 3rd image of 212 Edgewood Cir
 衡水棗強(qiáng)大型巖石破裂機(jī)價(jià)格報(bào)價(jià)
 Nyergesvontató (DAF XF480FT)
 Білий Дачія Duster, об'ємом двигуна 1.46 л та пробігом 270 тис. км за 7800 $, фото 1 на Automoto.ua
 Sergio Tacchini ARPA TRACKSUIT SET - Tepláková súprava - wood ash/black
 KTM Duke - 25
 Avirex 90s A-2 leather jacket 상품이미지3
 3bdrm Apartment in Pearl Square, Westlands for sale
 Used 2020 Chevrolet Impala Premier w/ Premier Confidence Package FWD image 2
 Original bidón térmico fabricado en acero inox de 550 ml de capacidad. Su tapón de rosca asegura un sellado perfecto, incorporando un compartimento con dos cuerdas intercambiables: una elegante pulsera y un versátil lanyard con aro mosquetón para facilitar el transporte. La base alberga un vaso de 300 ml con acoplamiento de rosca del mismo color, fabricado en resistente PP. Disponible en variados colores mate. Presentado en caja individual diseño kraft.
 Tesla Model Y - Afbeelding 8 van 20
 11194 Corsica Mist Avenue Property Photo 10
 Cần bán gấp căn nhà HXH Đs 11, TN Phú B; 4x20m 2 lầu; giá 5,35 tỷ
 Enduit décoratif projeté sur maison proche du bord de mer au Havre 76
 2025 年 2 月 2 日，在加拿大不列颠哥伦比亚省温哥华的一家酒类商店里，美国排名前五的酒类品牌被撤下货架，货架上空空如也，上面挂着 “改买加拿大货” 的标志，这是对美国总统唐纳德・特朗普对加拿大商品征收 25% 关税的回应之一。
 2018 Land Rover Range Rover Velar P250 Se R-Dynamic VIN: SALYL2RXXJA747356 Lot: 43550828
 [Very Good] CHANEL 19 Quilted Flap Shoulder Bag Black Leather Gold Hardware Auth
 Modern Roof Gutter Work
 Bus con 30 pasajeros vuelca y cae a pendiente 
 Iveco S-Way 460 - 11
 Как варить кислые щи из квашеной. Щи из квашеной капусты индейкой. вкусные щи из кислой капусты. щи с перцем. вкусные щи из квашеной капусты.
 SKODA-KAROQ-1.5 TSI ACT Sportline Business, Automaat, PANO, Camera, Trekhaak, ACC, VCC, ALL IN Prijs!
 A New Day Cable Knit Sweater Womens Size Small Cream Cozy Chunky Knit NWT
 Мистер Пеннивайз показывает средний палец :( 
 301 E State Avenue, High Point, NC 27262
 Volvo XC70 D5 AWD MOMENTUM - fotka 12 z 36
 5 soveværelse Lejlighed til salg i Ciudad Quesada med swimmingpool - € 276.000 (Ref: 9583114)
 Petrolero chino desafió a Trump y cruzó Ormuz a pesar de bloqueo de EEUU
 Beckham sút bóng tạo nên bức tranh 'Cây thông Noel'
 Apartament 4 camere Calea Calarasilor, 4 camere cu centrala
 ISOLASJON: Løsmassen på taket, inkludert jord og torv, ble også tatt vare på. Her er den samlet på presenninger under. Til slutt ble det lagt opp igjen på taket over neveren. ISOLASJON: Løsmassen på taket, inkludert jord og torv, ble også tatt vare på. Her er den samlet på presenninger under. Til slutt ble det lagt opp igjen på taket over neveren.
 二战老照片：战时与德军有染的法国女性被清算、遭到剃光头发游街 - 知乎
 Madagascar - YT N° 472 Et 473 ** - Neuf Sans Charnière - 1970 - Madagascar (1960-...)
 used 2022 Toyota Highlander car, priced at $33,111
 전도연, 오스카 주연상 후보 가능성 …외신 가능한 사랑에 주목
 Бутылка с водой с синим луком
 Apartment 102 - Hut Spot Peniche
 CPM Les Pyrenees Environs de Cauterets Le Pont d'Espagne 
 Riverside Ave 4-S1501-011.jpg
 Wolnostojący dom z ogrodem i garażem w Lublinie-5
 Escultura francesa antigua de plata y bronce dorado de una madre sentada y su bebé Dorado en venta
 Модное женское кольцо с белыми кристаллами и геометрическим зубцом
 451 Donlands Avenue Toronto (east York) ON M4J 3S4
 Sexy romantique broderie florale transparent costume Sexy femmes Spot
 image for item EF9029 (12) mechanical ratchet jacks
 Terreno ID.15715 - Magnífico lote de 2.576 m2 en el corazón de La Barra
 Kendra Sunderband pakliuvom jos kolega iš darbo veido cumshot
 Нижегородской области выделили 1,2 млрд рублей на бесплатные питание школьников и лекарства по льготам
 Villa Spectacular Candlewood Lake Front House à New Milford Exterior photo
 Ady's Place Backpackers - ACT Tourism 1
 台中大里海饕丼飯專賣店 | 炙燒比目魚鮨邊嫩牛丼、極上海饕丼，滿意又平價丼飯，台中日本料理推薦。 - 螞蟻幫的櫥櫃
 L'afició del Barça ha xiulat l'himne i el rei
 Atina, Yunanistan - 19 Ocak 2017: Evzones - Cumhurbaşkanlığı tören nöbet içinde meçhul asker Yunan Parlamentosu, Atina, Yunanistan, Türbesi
····················
▸ WORK TASK:
Return exactly the lines from the line holding "台中大里海饕丼飯專賣店 | 炙燒比目魚鮨邊嫩牛丼、極上海饕丼，滿意又平價丼飯，台中日本料理推薦。" to the last line of the data, with both of those lines included and nothing added.

▸ ANSWER SECTION:
 台中大里海饕丼飯專賣店 | 炙燒比目魚鮨邊嫩牛丼、極上海饕丼，滿意又平價丼飯，台中日本料理推薦。 - 螞蟻幫的櫥櫃
 L'afició del Barça ha xiulat l'himne i el rei
 Atina, Yunanistan - 19 Ocak 2017: Evzones - Cumhurbaşkanlığı tören nöbet içinde meçhul asker Yunan Parlamentosu, Atina, Yunanistan, Türbesi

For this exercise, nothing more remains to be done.